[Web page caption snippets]
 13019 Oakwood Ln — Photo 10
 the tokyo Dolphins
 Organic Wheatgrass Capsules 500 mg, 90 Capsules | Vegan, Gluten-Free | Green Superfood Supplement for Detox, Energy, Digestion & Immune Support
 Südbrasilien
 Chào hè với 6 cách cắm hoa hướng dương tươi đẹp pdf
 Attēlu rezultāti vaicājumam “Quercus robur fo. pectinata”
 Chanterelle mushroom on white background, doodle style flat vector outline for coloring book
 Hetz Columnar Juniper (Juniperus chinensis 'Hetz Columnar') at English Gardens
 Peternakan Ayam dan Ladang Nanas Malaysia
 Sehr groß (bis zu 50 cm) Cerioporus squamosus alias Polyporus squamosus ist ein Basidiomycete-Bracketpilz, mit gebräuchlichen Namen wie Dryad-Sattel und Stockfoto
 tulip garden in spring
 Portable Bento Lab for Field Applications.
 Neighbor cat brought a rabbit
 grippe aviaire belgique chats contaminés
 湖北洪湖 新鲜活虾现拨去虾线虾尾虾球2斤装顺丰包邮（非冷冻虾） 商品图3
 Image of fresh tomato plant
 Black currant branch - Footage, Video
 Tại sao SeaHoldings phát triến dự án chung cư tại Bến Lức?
* * *
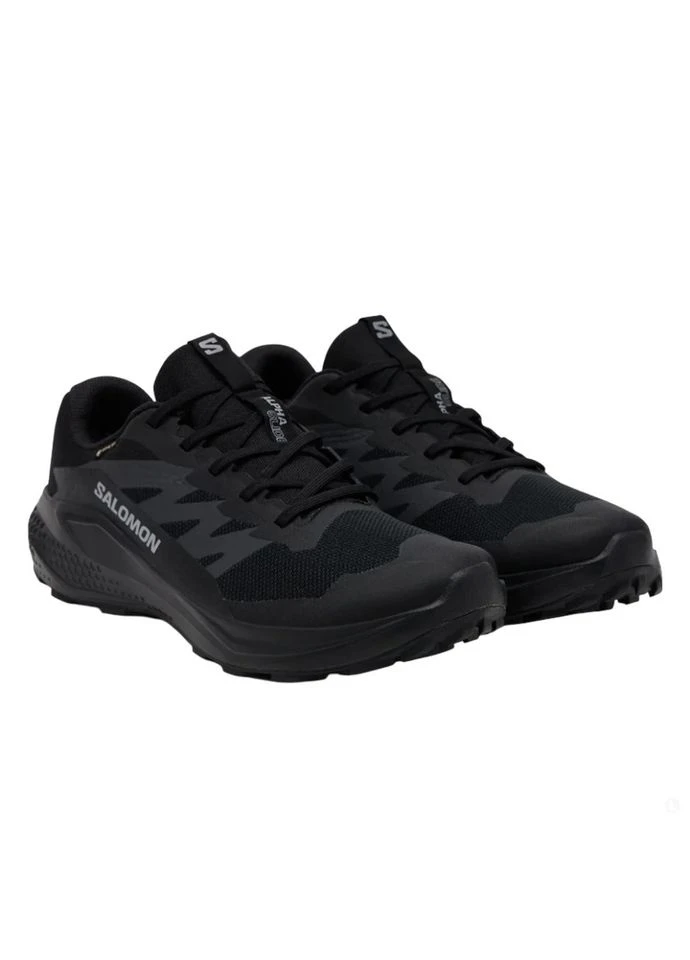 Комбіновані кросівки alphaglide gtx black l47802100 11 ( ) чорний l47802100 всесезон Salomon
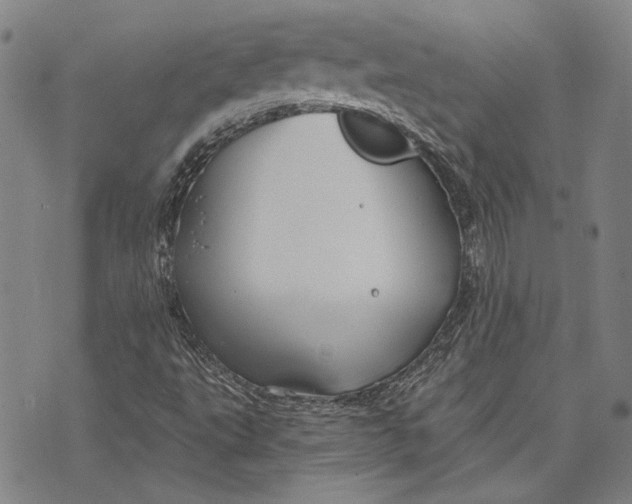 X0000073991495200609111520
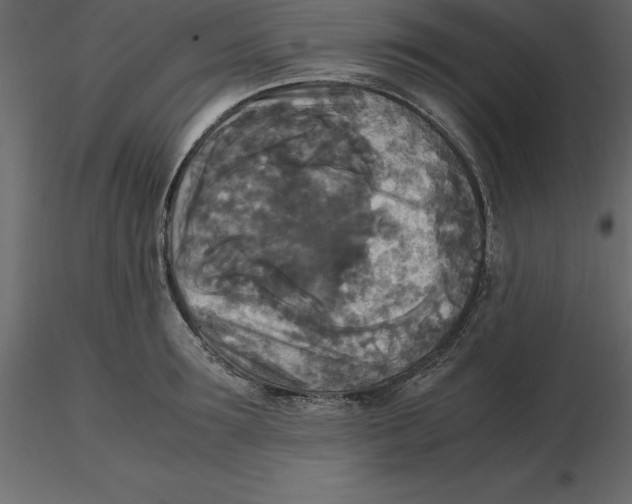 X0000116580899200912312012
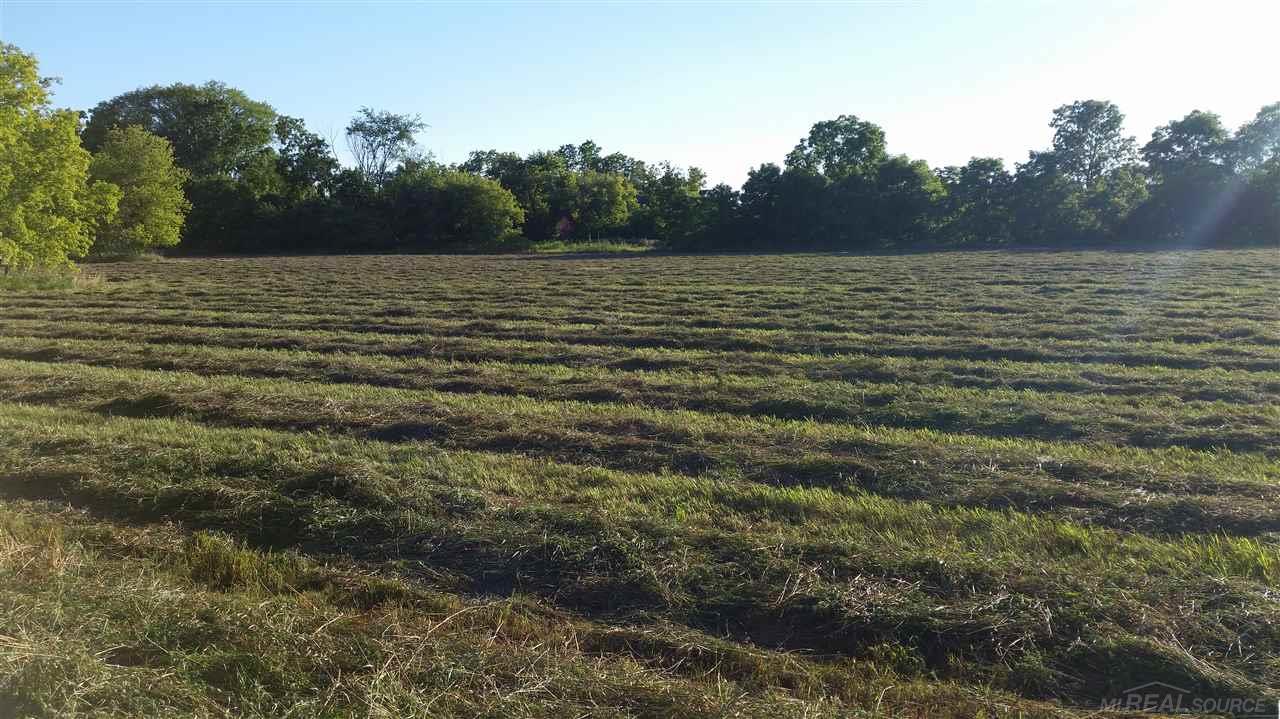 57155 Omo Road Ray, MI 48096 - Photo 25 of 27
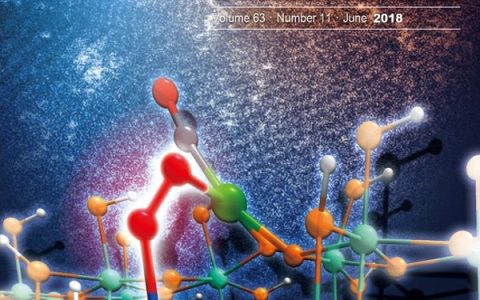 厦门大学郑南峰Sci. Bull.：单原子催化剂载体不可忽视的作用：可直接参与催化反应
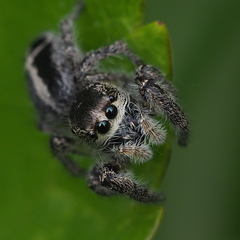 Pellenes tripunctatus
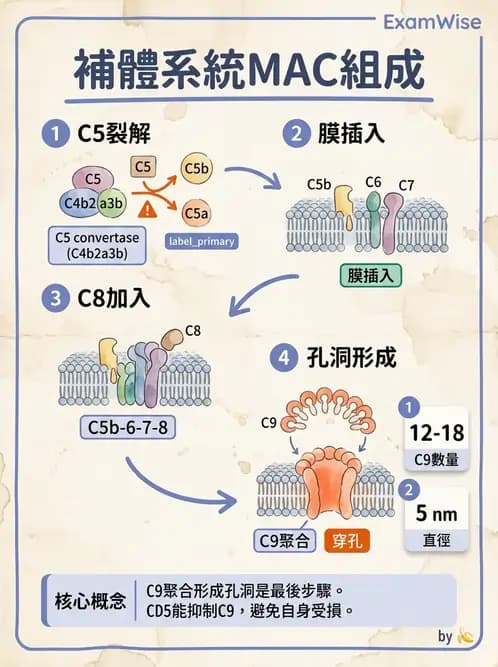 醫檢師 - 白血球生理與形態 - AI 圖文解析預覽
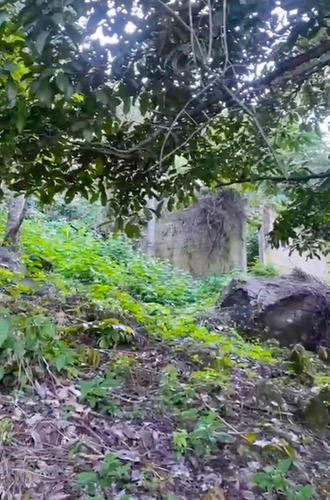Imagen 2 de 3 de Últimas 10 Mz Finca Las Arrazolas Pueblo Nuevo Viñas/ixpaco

### Description of the task:
From the records above, print exactly the lines that run from the line with "Image of fresh tomato plant" to the line with "Tại sao SeaHoldings", inclusive.

### Answer box:
 Image of fresh tomato plant
 Black currant branch - Footage, Video
 Tại sao SeaHoldings phát triến dự án chung cư tại Bến Lức?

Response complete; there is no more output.